Immediately after the news conference, White House press secretary Sean Spicer told reporters, “I don’t think we regret anything.”

Earlier in the day, the White House announced that British Ambassador Kim Darroch and Mark Lyall Grant, the British prime minister’s national security adviser, had “expressed their concerns” about comments Spicer made Thursday at his daily news briefing.

In defending Trump, Spicer read remarks by Fox News commentator Andrew Napolitano that alleged the British spy agency had been involved in the wiretapping.

“Three intelligence sources have informed Fox News that President Obama went outside the chain of command,” Spicer read from the Fox News report. “He didn’t use the NSA, he didn’t use the CIA, he didn’t use the FBI and he didn’t use the Department of Justice. He used GCHQ. What is that? It’s the initials for the British intelligence spying agency.”

Spicer and Trump’s national security adviser, Army Lt. Gen. H.R. McMaster, told British officials that Spicer was “simply pointing to public reports, not endorsing any specific story.”

The wiretapping allegations have hung over the White House for two weeks, since Trump first alleged in a series of tweets that Obama had wiretapped his telephones at Trump Tower in New York.
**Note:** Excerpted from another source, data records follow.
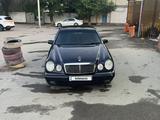 Mercedes-Benz E 320 1997 года за 2 900 000 тг. в Алматы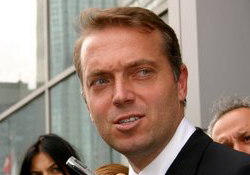 Cem Uzan'a 23 yıl hapis cezası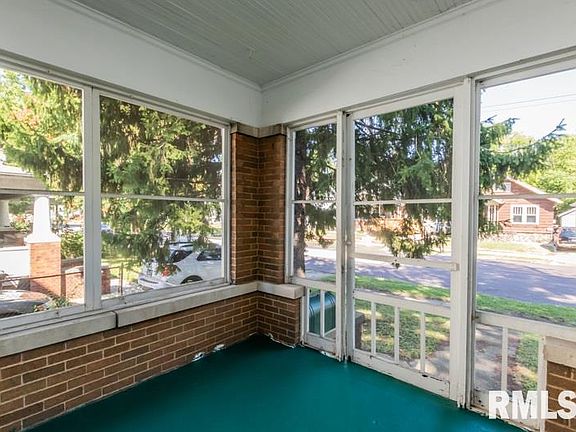 5th image of 1020 E McClure Ave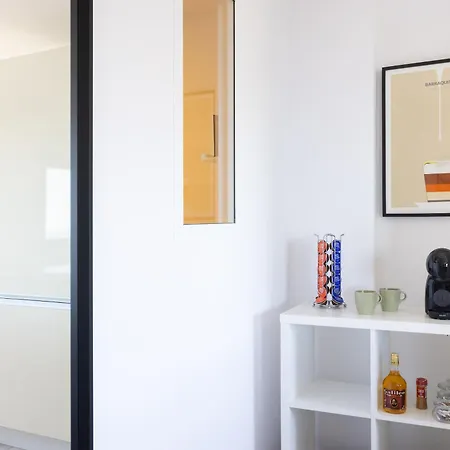 Minimalist La Pecera * אדחה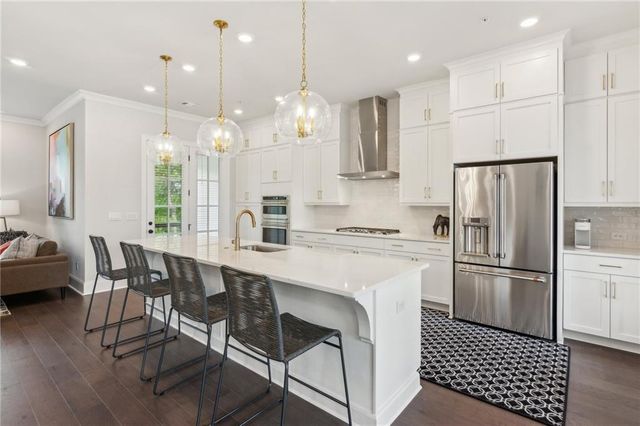 427 Burton Drive, Alpharetta, GA 30009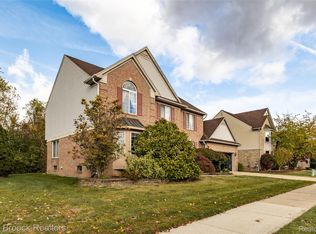 2931 Briarwood Dr, Troy, MI 48085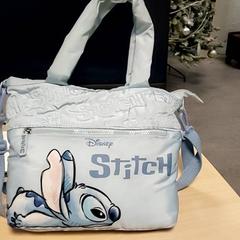 バッグ - Schoudertasje がiLostで Regio Oost-Vlaanderen によって報告されました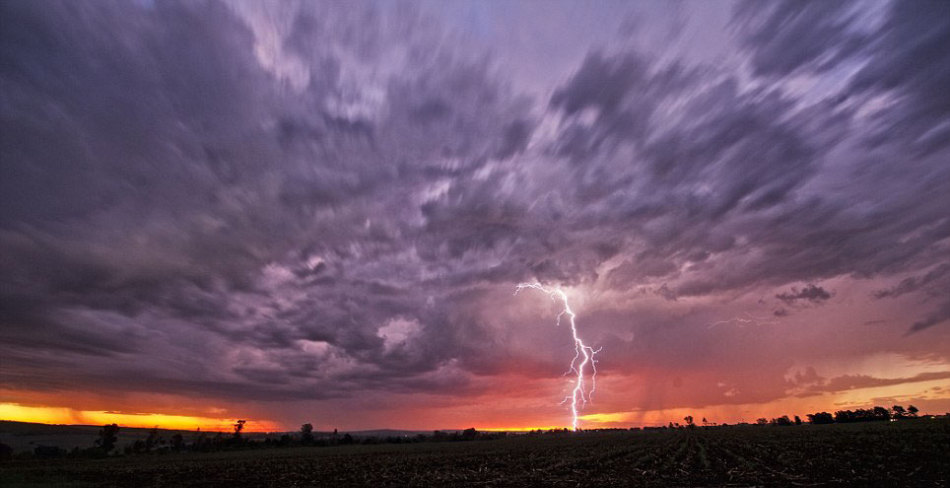 南非上空壮观雷暴:3道闪电同时击中地面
Democrats, and even some Republicans, have called on the president to apologize to Obama.

“We have seen no evidence to support his outrageous allegations,” said House Minority Leader Nancy Pelosi, D-Calif. “He really is making a fool of his Cabinet and his people, because they have to defend something that is so indefensible, unsubstantiated and just a stunt to deflect attention from some of the nasty stuff that is going on under his leadership.”

Senate Intelligence Committee leaders announced Thursday that they had no evidence that Obama wiretapped Trump’s phones.

“Based on the information available to us, we see no indications that Trump Tower was the subject of surveillance by any element of the U.S. government either before or after Election Day 2016,” Chairman Richard Burr, R-N.C., and Vice Chairman Mark Warner, D-Va., said in a joint statement.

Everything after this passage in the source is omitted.